▶ [The task] An exact copy of the entries is required, with every image omitted.

▶ [Information shown]
-*-*-

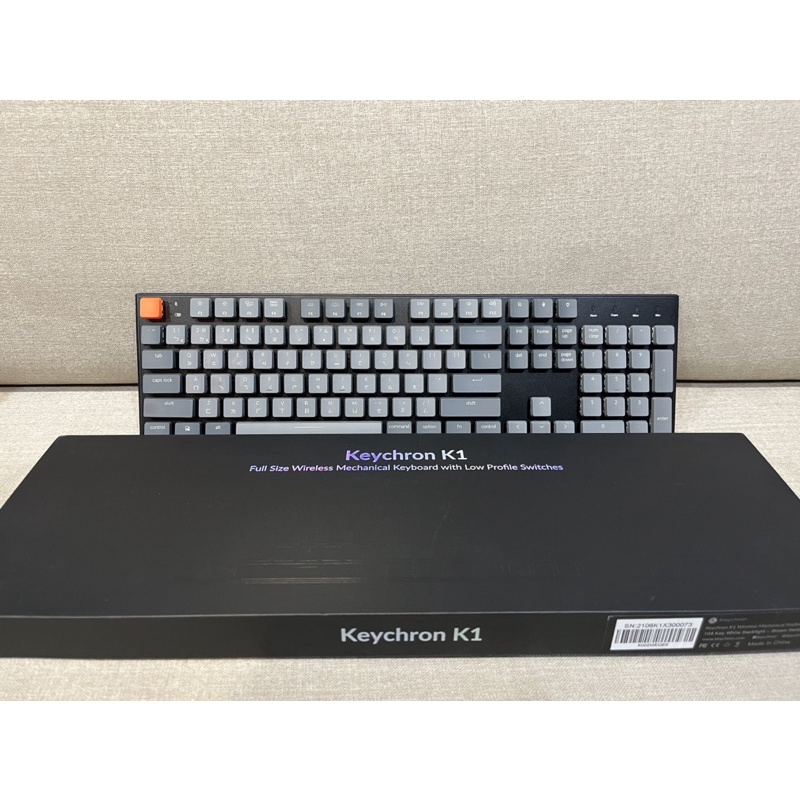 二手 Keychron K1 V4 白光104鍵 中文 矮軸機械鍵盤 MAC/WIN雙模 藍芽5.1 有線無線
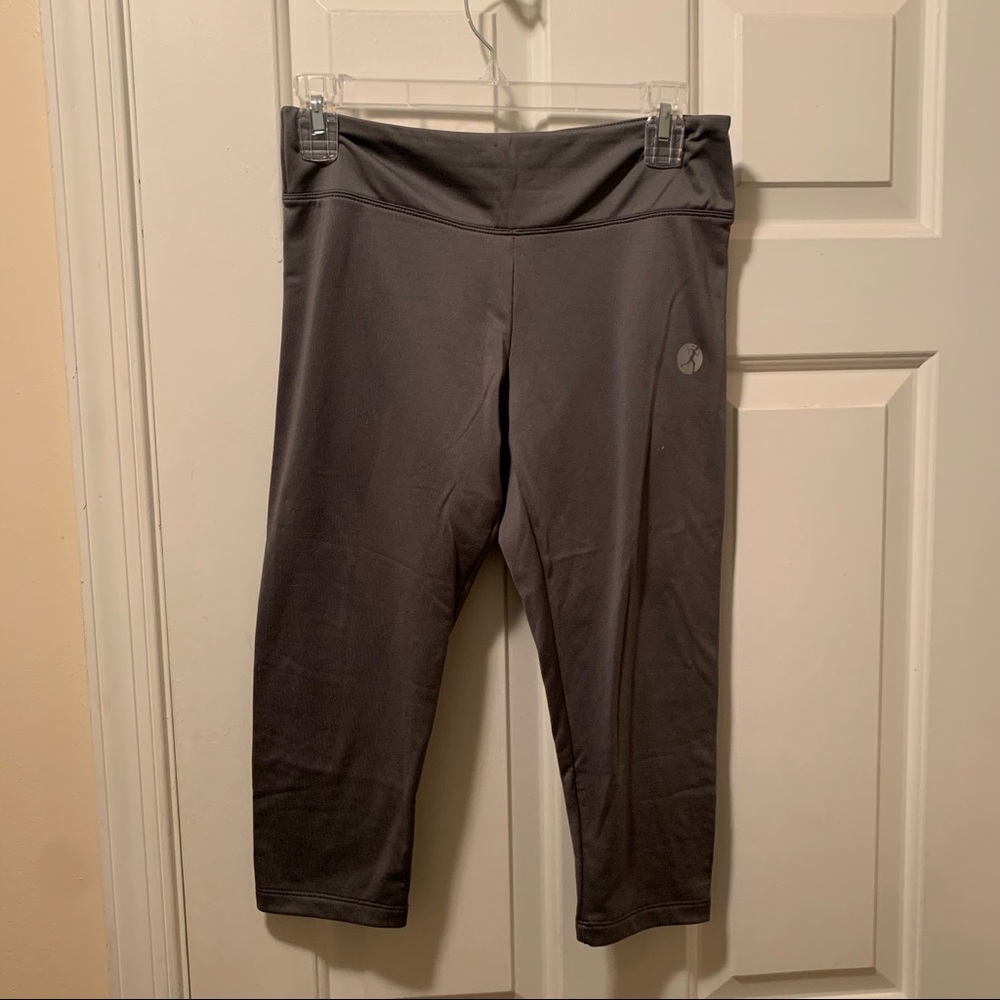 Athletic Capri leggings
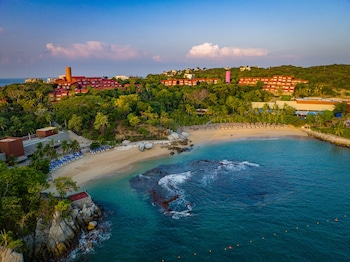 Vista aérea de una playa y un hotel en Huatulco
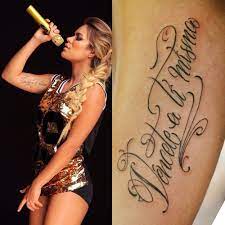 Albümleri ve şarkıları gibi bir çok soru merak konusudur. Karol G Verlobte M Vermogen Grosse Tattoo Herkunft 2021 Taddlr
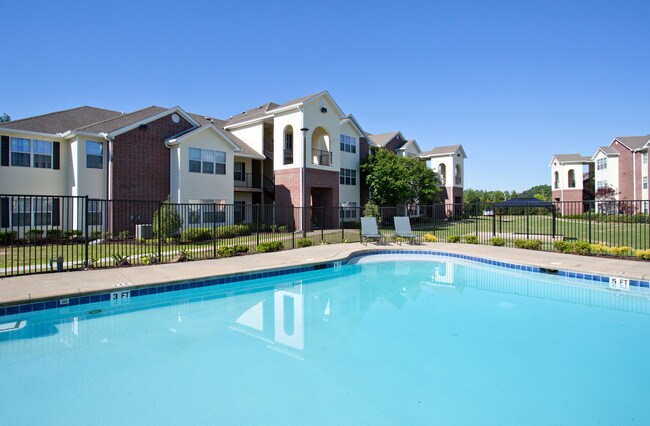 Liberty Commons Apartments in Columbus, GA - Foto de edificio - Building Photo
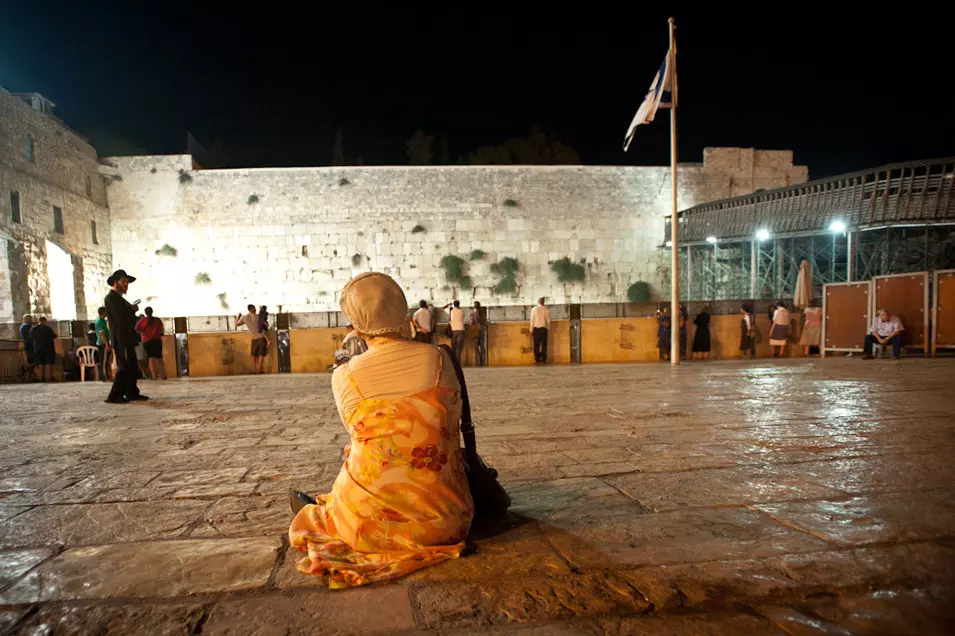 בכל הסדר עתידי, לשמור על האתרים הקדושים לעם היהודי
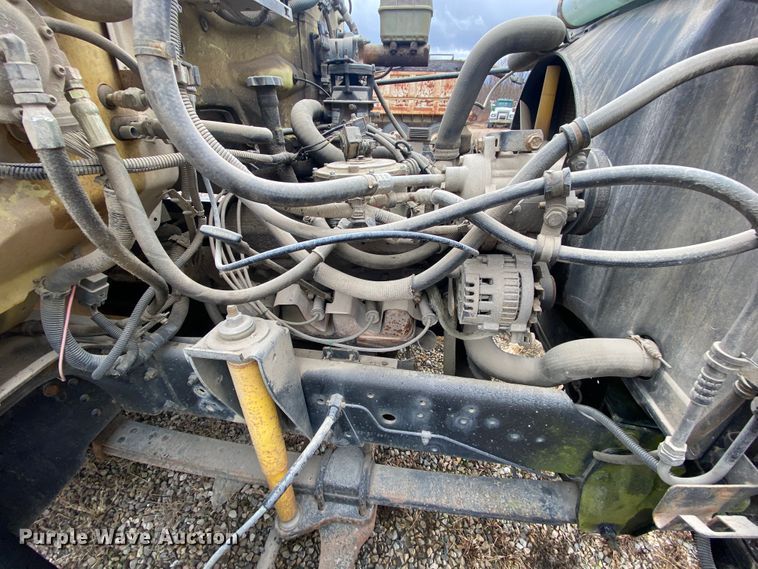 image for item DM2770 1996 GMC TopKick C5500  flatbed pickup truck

-*-*-

▶ [Exercise result]
 二手 Keychron K1 V4 白光104鍵 中文 矮軸機械鍵盤 MAC/WIN雙模 藍芽5.1 有線無線
 Athletic Capri leggings
 Vista aérea de una playa y un hotel en Huatulco
 Albümleri ve şarkıları gibi bir çok soru merak konusudur. Karol G Verlobte M Vermogen Grosse Tattoo Herkunft 2021 Taddlr
 Liberty Commons Apartments in Columbus, GA - Foto de edificio - Building Photo
 בכל הסדר עתידי, לשמור על האתרים הקדושים לעם היהודי
 image for item DM2770 1996 GMC TopKick C5500  flatbed pickup truck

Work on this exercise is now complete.